Write the records below out again exactly as given, with no images.

- [Data for this exercise]:
'''
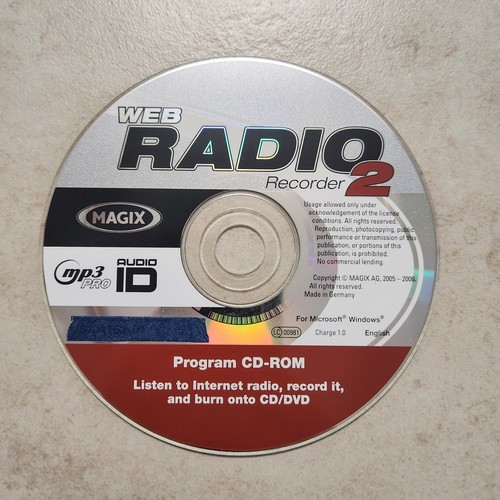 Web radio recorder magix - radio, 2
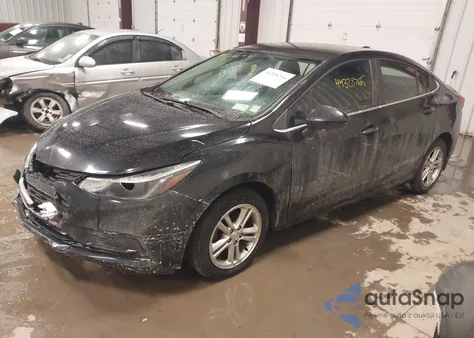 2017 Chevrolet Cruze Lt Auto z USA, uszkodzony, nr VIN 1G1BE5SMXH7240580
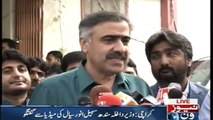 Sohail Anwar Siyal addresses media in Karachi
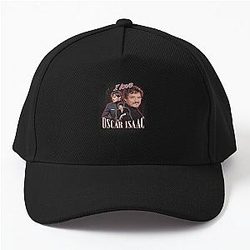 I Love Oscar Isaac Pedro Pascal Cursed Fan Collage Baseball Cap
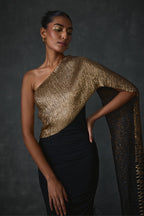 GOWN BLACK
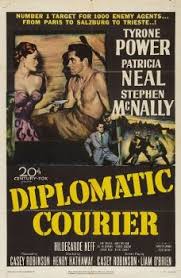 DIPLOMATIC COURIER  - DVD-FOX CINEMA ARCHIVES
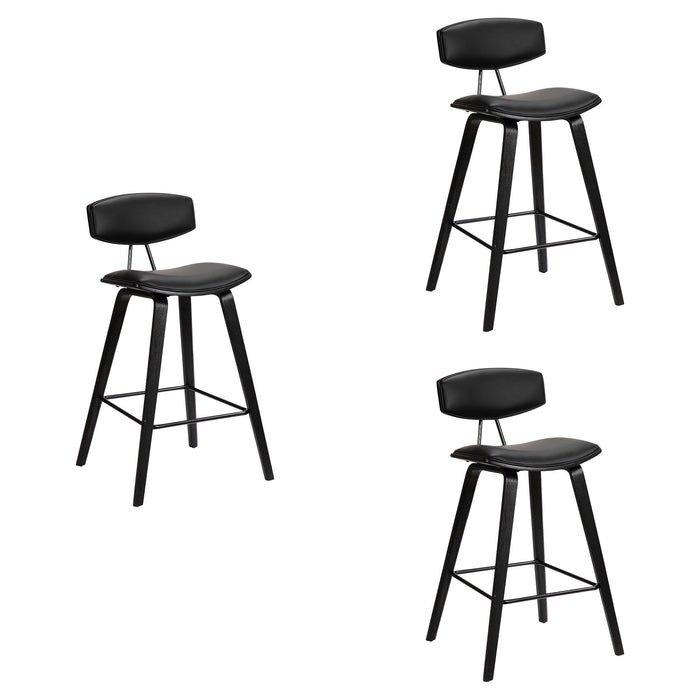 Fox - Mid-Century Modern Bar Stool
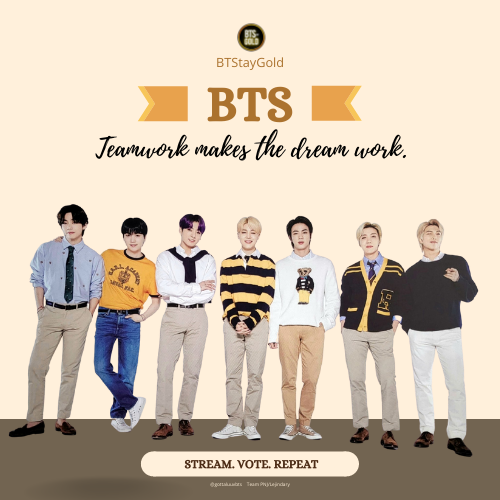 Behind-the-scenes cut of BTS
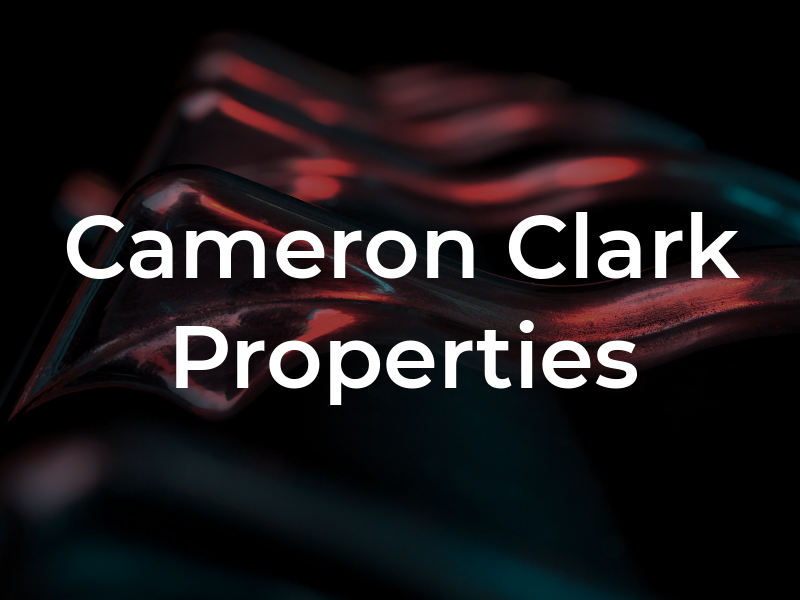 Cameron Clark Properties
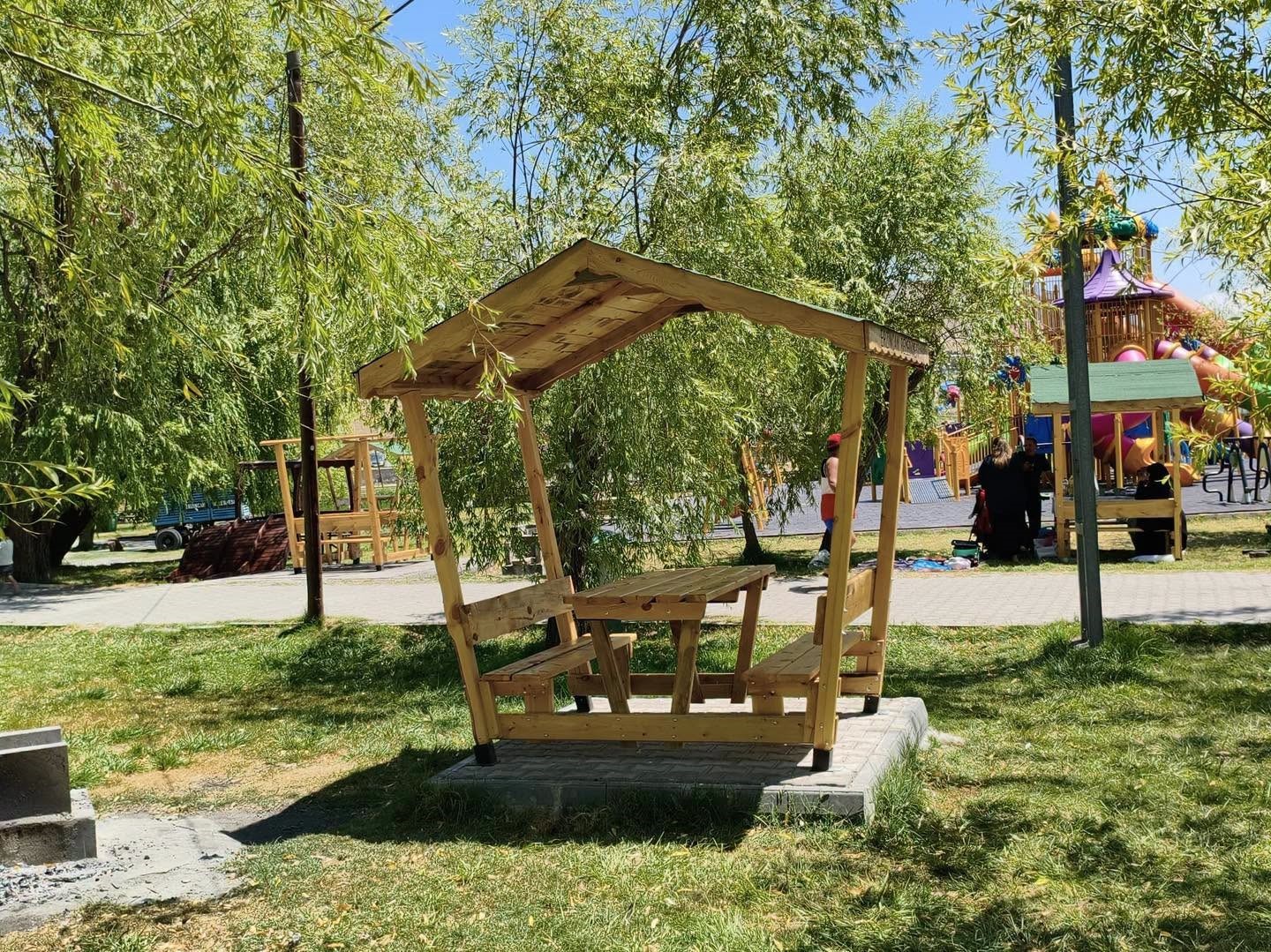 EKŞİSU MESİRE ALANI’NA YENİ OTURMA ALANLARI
'''
- [Solution]:
 Web radio recorder magix - radio, 2
 2017 Chevrolet Cruze Lt Auto z USA, uszkodzony, nr VIN 1G1BE5SMXH7240580
 Sohail Anwar Siyal addresses media in Karachi
 I Love Oscar Isaac Pedro Pascal Cursed Fan Collage Baseball Cap
 GOWN BLACK
 DIPLOMATIC COURIER  - DVD-FOX CINEMA ARCHIVES
 Fox - Mid-Century Modern Bar Stool
 Behind-the-scenes cut of BTS
 Cameron Clark Properties
 EKŞİSU MESİRE ALANI’NA YENİ OTURMA ALANLARI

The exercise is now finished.